EXERCISE INSTRUCTIONS | Your output consists solely of the lines from the one that contains "Amazon | モリワキ (MORIWAKI) フルエキゾーストマフラー リード125" to the end of the material, each reproduced exactly; pictures do not belong in it.

=-=-=

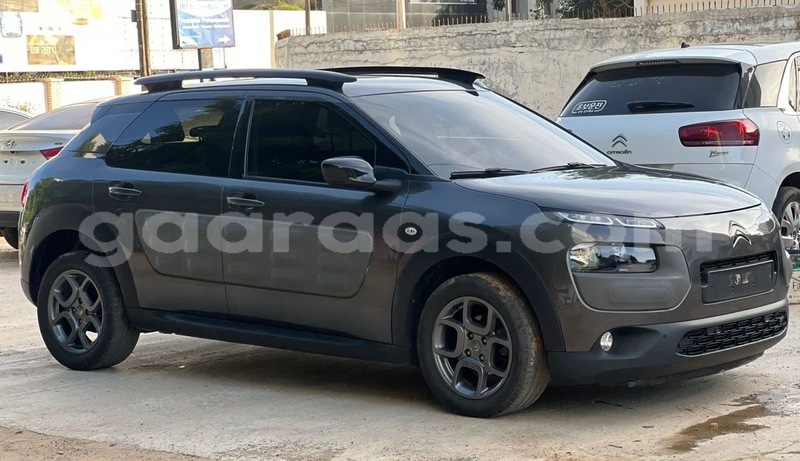 Big with watermark citroen c4 cactus dakar dakar 22921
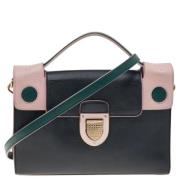 Pre-owned Multicolor Leather Dior veske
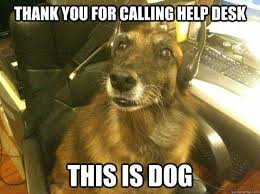 I also include personalized office gifts like personalized work mugs, personalized mugs for coworkers, personalized mugs for boss, personalized mugs for employees, and personalized office mugs. C02fc9d42965203bae7cc90c7152ece3 Jpg 625 468 Pixels Funny Thank You Pictures Dogs Funny Thank You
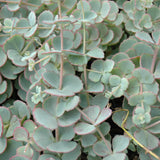 SEDUM SIEBOLDII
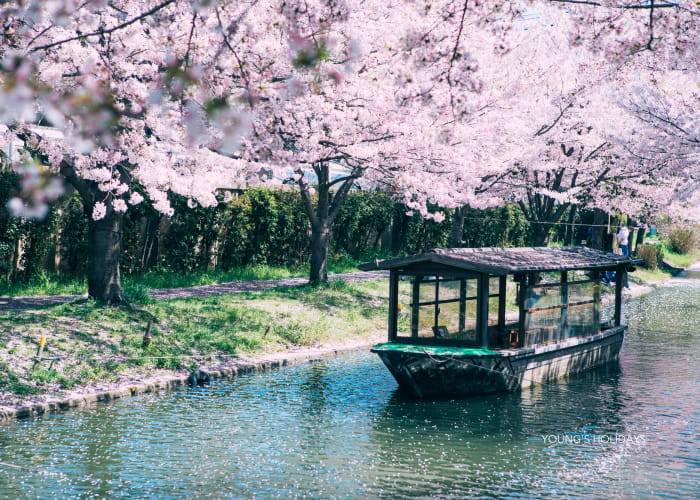 【Tokyo】Japan Rental Caravan RV Road Trip Experience (C-Happy1 Premium)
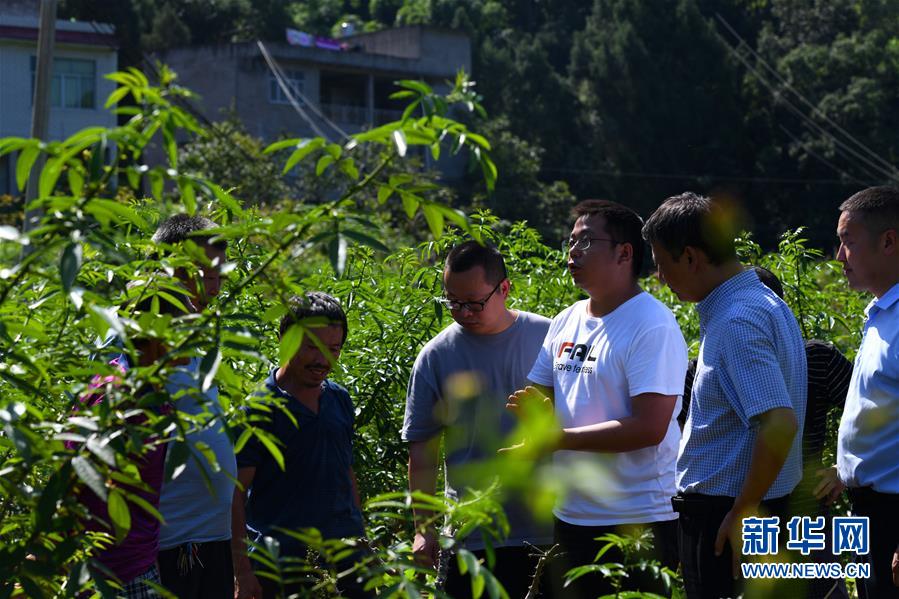 （決戰(zhàn)決勝脫貧攻堅(jiān)&middot;圖文互動(dòng)）（3）&ldquo;堵槍眼&rdquo;的脫貧戰(zhàn)怎么打？&mdash;&mdash;繼光村見(jiàn)聞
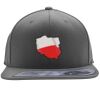 Flexfit 110F Structured Flat Bill Snapback Hat Thumbnail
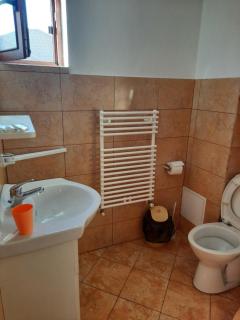 Gold Fayen House Cheile Turului - Tureni - 8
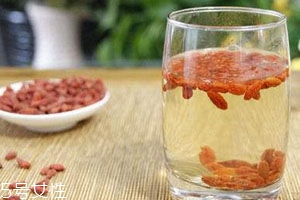 五味子什么样,五味子和什么泡水喝治失眠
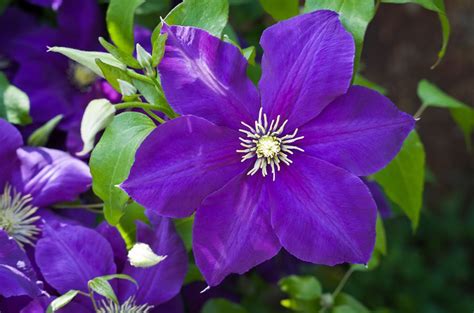Grow Clematis How To Plant And Care For The Queen Of Vines Garden Design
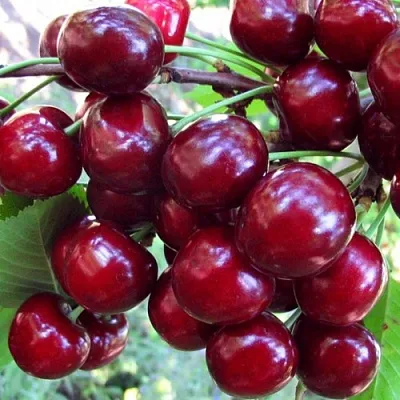 Вишня ЖУКОВСКАЯ  Вишня ЖУКОВСКАЯ в Владивостоке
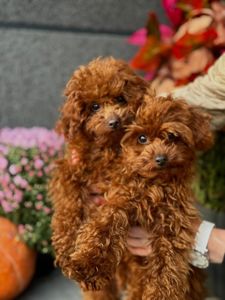 Щенки Мальтипу Ред Брун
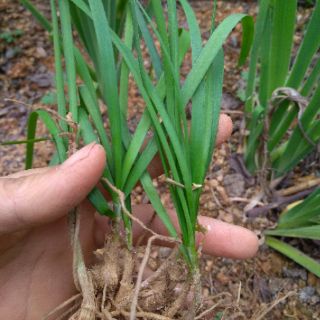 10 cây hẹ làm giống cả củ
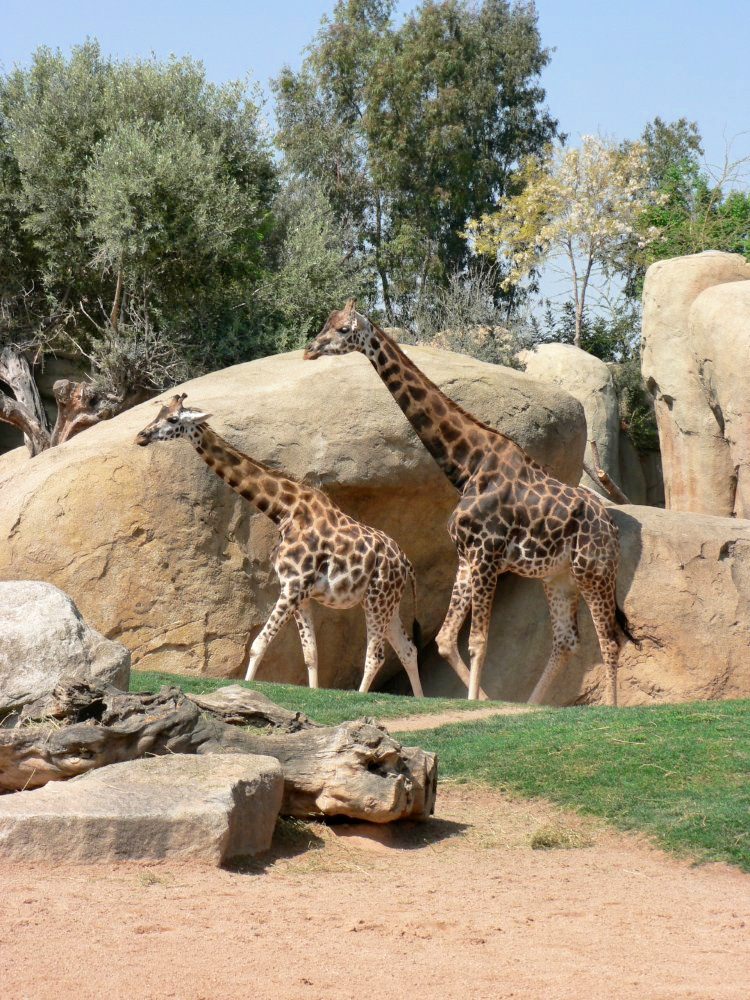 Bioparc Valencia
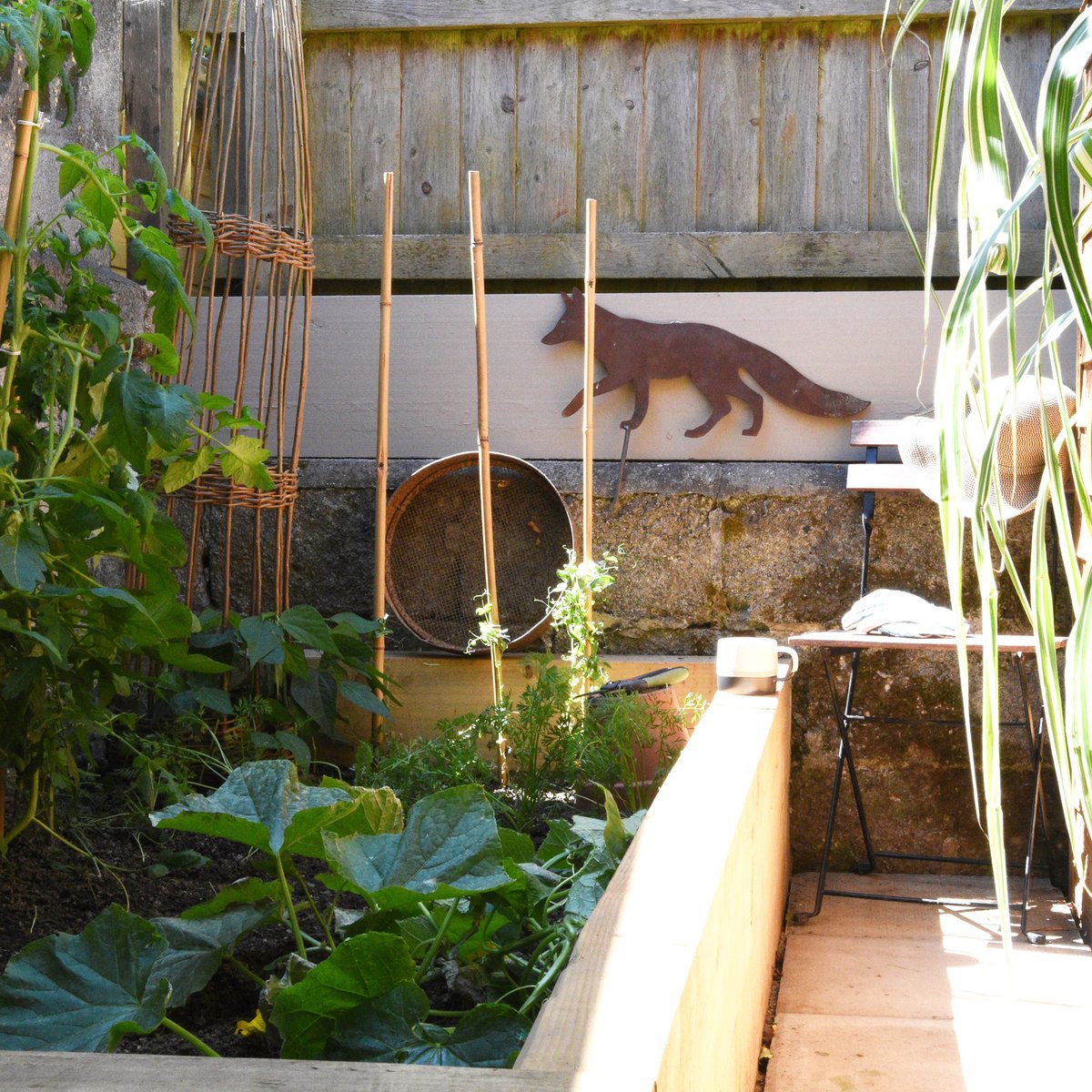 Clara_Create's tweet photo. Mr Fox’s Veg Patch.
I have a very small patch of earth tucked away beside my studio which has been abandoned since we moved to our home some years ago; just brambles and weeds loved to grow there and we were happy to let them. Read more here: https://t.co/VayKlBBivR https://t.co/zooX1JUemn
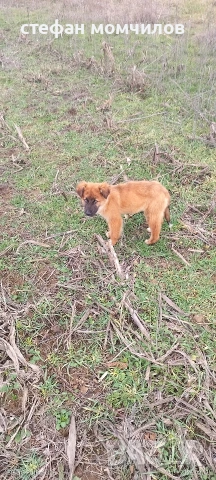 подарявам , снимка 9 - Други - 52387377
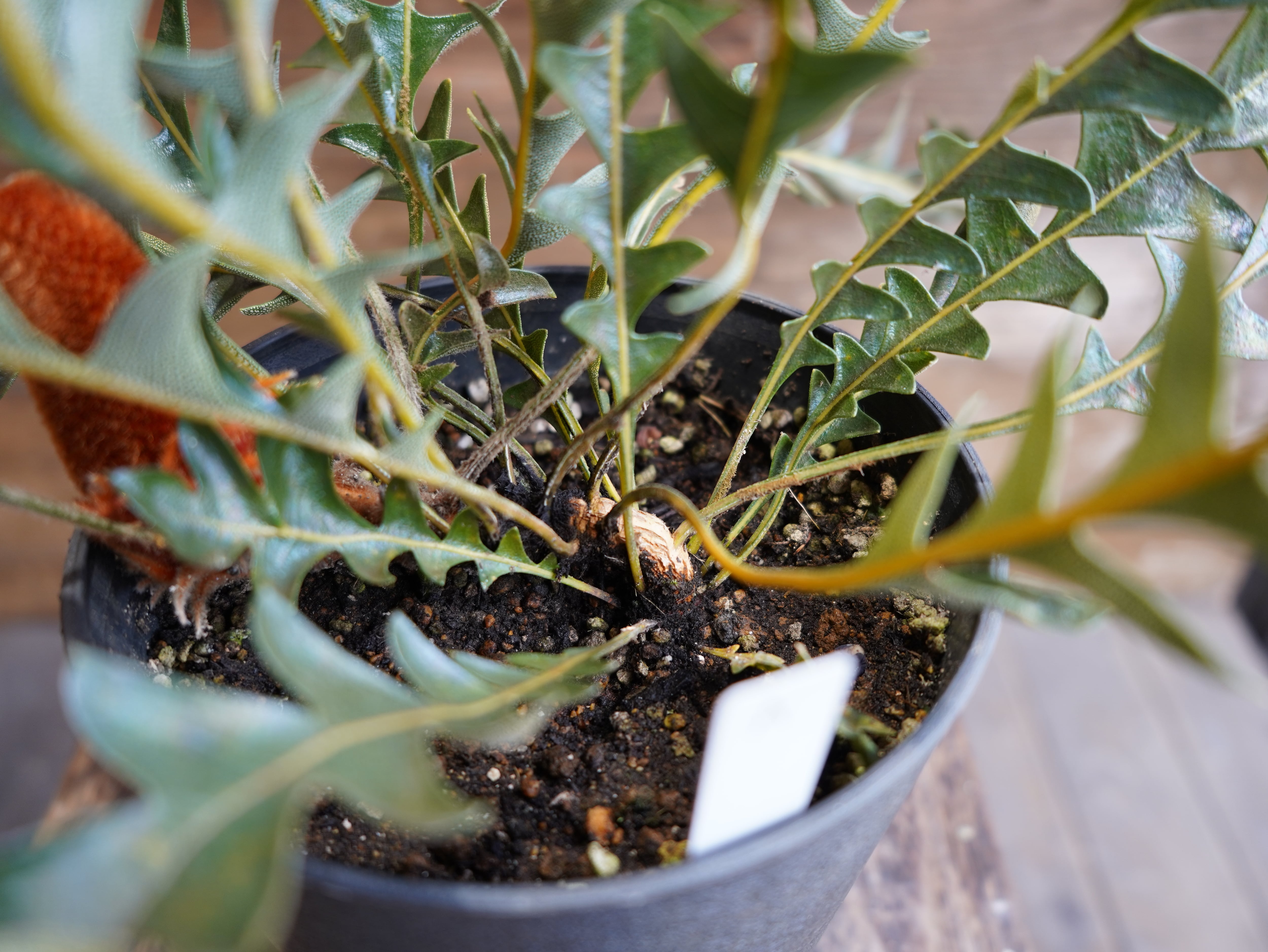 【現物】バンクシア "ブレイクニフォリア" A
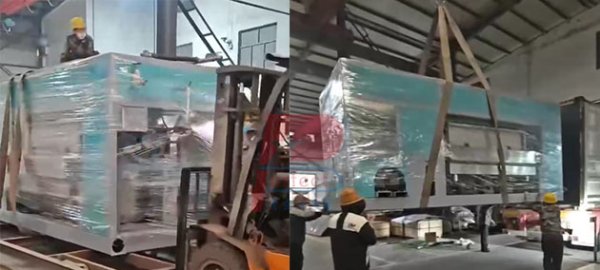 6000 pieces per hour automatic egg tray making machine shipped to Egypt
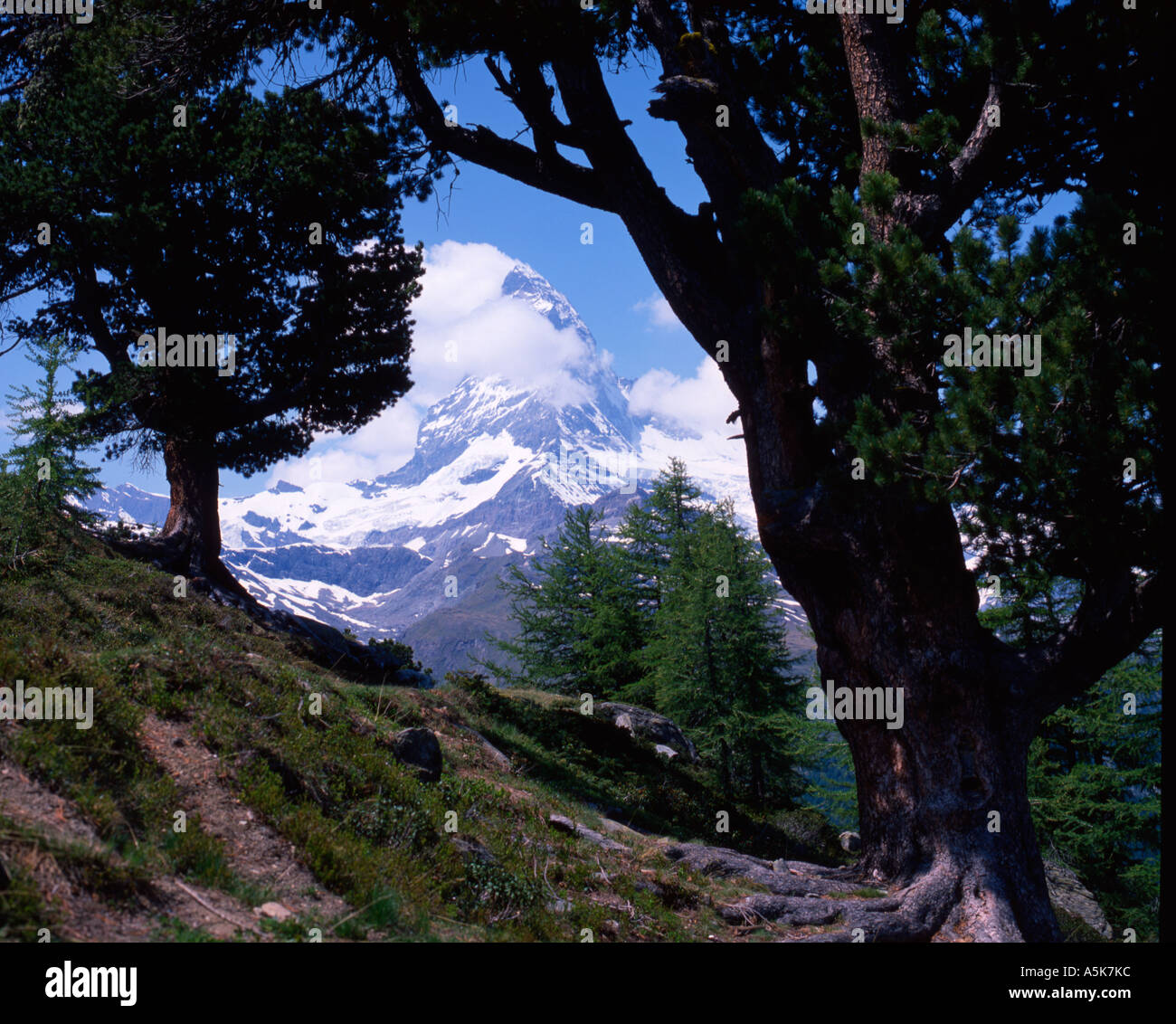 Vue sur le cervin à travers les sapins. Banque D'Images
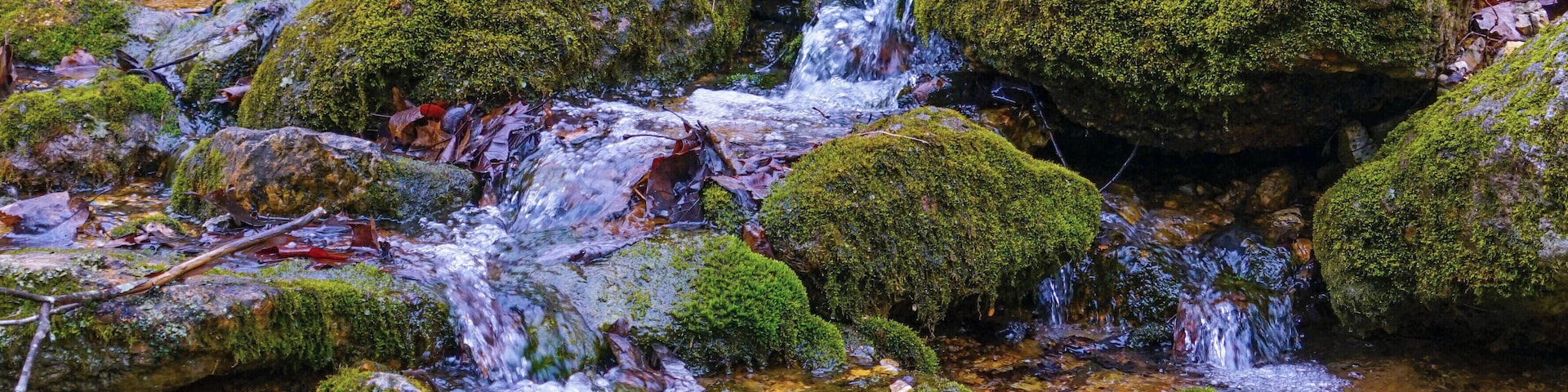 Another natural waterfall along the Natural Bridge Trail at Bennett Springs State Park in Missouri. As the sun came out and the light dusting of snow melted,  I couldn't get enough of how clear the water was and how green the moss on the rocks were. #Nature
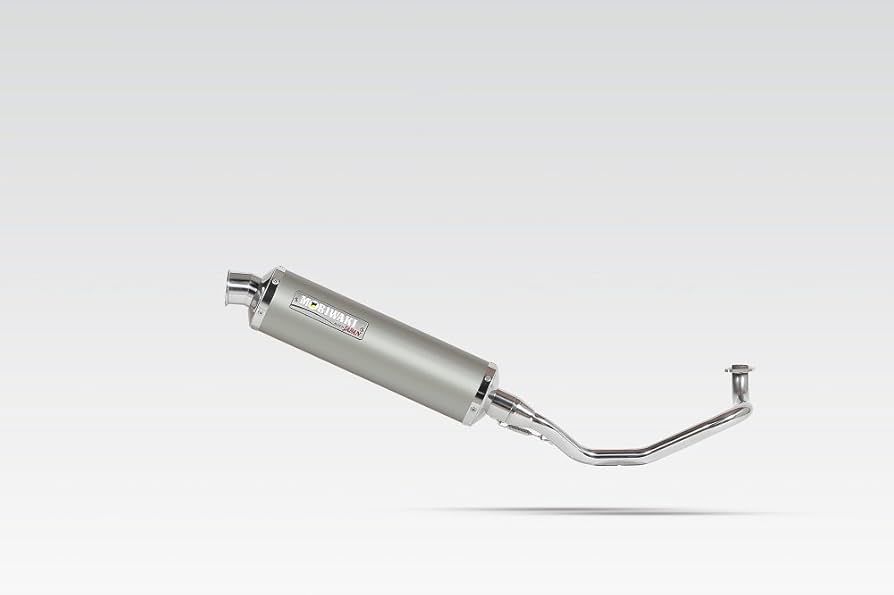 Amazon | モリワキ (MORIWAKI) フルエキゾーストマフラー リード125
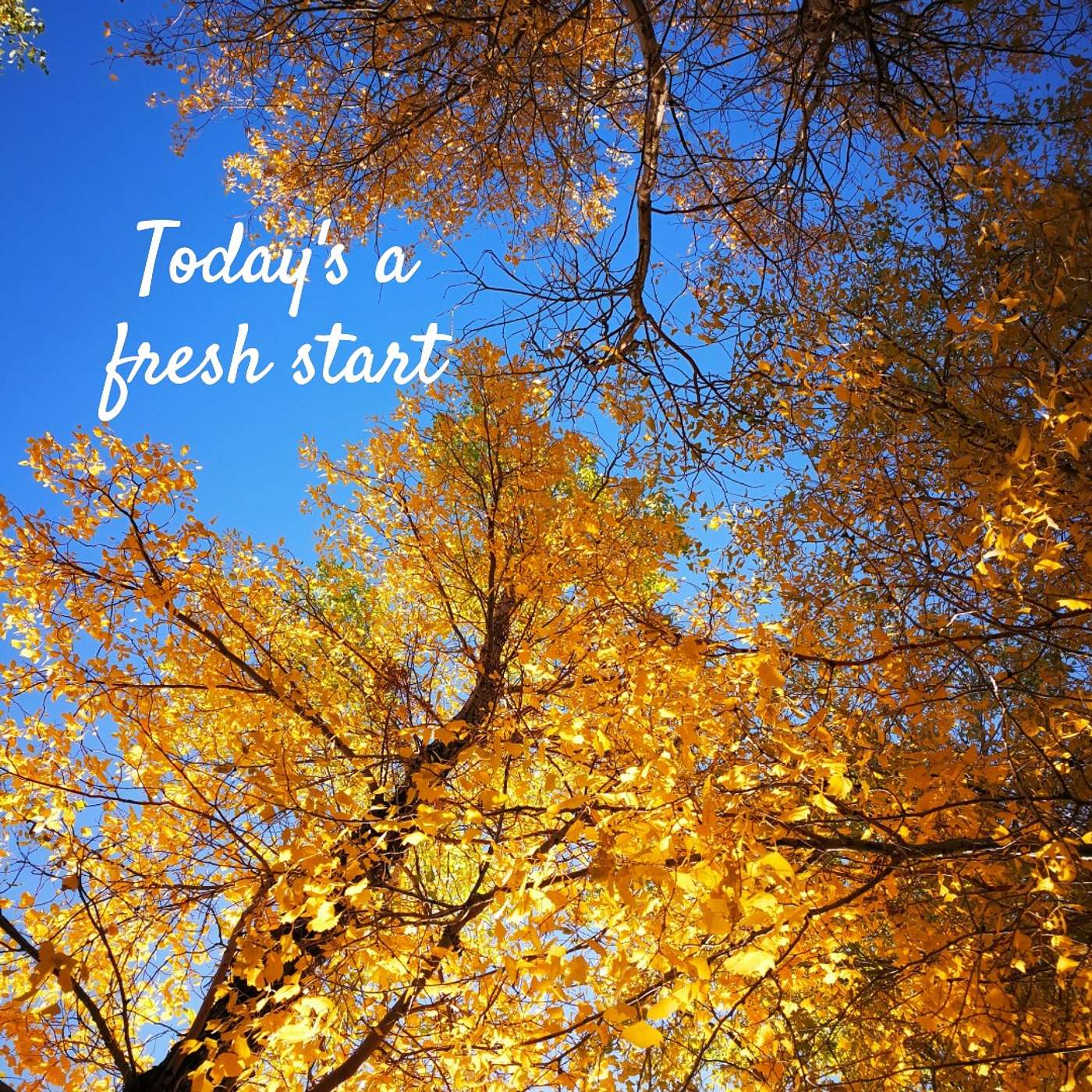# 84 Today's a fresh start episode artwork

=-=-=

TASK RESULT |
 Amazon | モリワキ (MORIWAKI) フルエキゾーストマフラー リード125
# 84 Today's a fresh start episode artwork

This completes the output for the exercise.